Marie Stopes, who with her husband Humphrey Roe founded the first birth control clinic in London in 1921, was born in Edinburgh in 1880. Her mother, Charlotte Carmichael Stopes, also born in Edinburgh, was one of the earliest campaigners for women’s equality in education and in science, giving her daughter a good base from which to start her own battles for women’s sexual and reproductive health. 

In the 1920s as the clamour grew for women to be able to access birth control, particularly working-class women, the 1924 Labour Party conference endorsed this policy by 1,000 votes to eight. However, with the minister of health John Wheatley, Labour MP for Glasgow Shettleston, implacably opposed, it was not until 1930 that the Health Department published some limited guidelines allowing birth control advice through maternal and child health clinics. 

The names of three committed feminists, Janet Chance (the daughter of an Edinburgh Presbyterian Minister), Stella Browne and Alice Jenkins, should be remembered for taking the initiative in 1936 to found Abortion Law Reform Association (Alra) which began the campaign for the right to abortion. Alra laid the groundwork for the Abortion Act 1967, for which David Steel, then an MP for Roxburgh, Selkirk and Peebles, took responsibility. 

The 1967 Abortion Act saved the lives of thousands of women and stopped many more from ending up requiring emergency surgery and hospital treatment. It is one of the most significant pieces of public health legislation in England, Scotland and Wales in the last hundred years. 

However, anti-abortion MPs have repeatedly sought to amend it to make it more restrictive. 

Again we can see strong Scottish influence. John Corrie, MP for Bute and North Ayrshire, introduced a restrictive Bill against abortion in 1979, and James White, MP for Glasgow Pollok, was strongly anti-abortion and made several attempts to amend the 1967 Act. 

Every time restrictions were proposed, they were supported by a majority of those MPs who represented Scottish constituencies. But Maria Fyfe, newly elected as an MP for Glasgow Maryhill in 1987, chose to speak up loudly for women’s rights on abortion and against the restrictive Alton Bill in 1988. 

The STUC turned out in great numbers on a demonstration in Glasgow at the time and a packed Glasgow City Hall heard speeches from a number of labour and trade union leaders, including Maria Fyfe, Jo Richardson MP and Yvonne Strachan, the TGWU women’s officer and member of the STUC women’s committee. 

The STUC women’s committee and conferences have been at the forefront of campaigning for women’s reproductive health rights ever since.

We can expect the trade union movement to continue in that tradition, and the importance of that voice should not be underestimated. 

Let’s remember those working women from the past who spoke out — for example, Annie Besant, renowned for her role in the Matchgirls Strike of 1888, had in the 1870s produced a pamphlet on birth control for which she faced court proceedings and subsequently lost custody of her own daughter, apparently deemed not to be a fit parent. Her legacy and that of other committed women and men must be recognised and voices heard again on this issue.

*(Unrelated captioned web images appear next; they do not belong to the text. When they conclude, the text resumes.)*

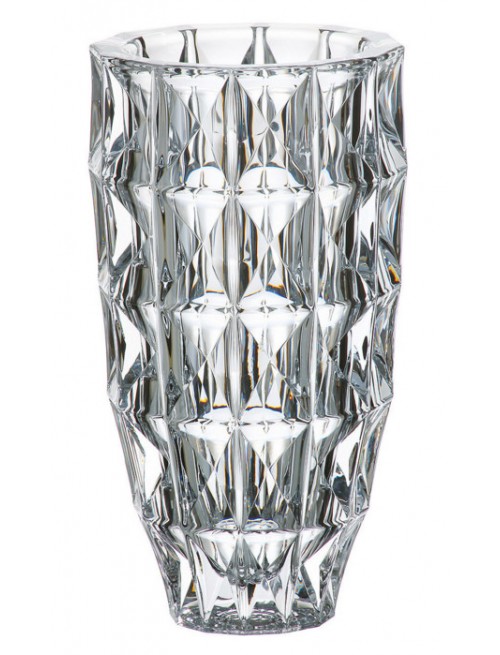 Crystal Vase Diamond, unleaded crystalite, height 280 mm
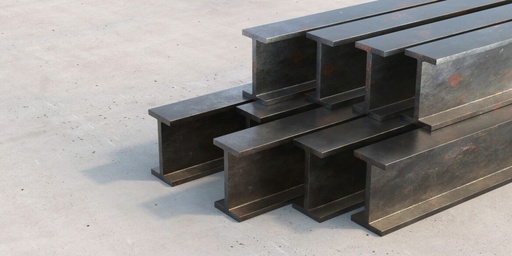 Steel I Beam  120 2 1/2" x 4 5/8" x 20"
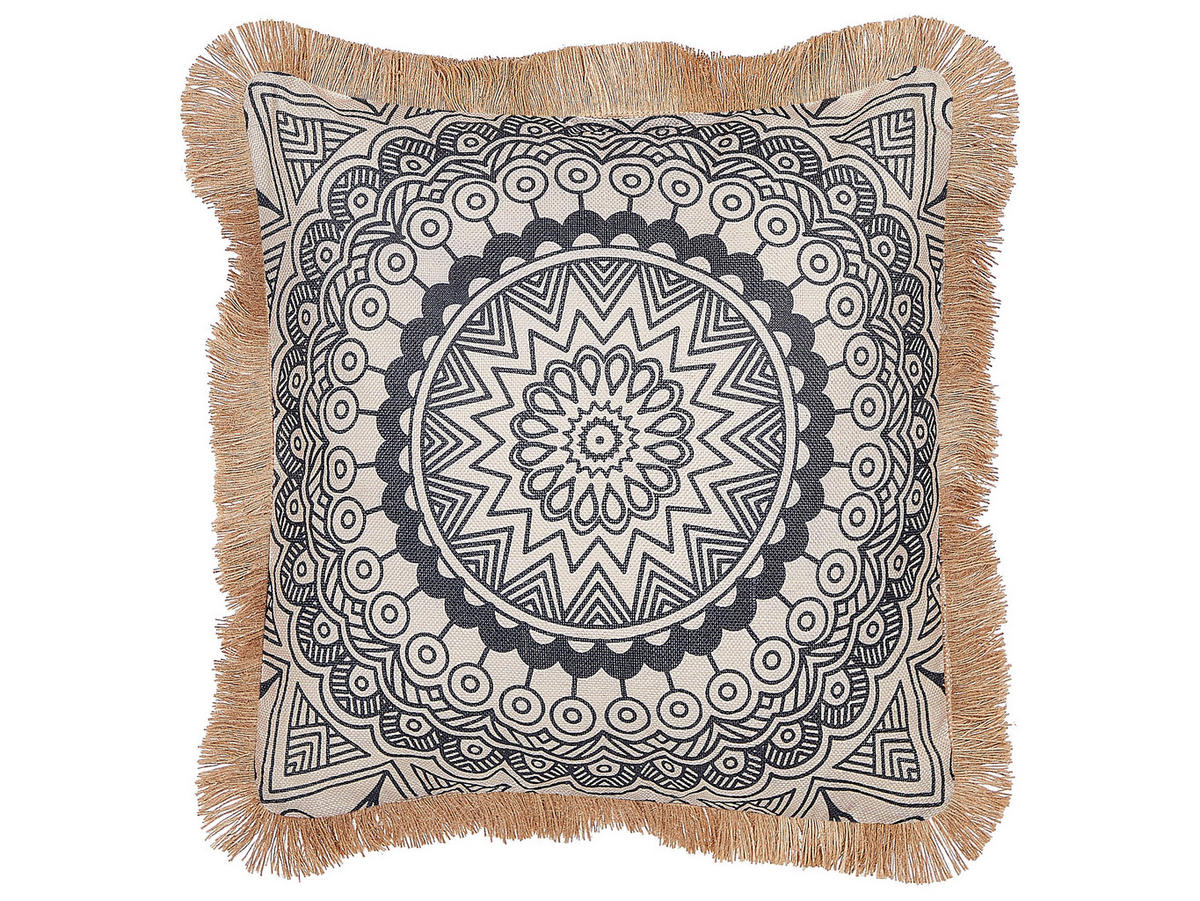 DEKOKISSEN 2er-Set Beige 45/7 cm Agrimony - Beige, Textil (45/7cm) - Beliani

And we can’t afford to remain silent. Past evidence shows that proposals for restrictive legislation will come again. In Spain today, the much celebrated 2010 legislation on abortion is about to be dismantled by the current government, and women and trade unions are out on the campaign trail again.

Here it is time to develop a more progressive framework, recognising that women should be able to make their own decisions, not only about independence but about their bodies.

 

Ann Henderson is assistant secretary of the Scottish Trades Union Congress.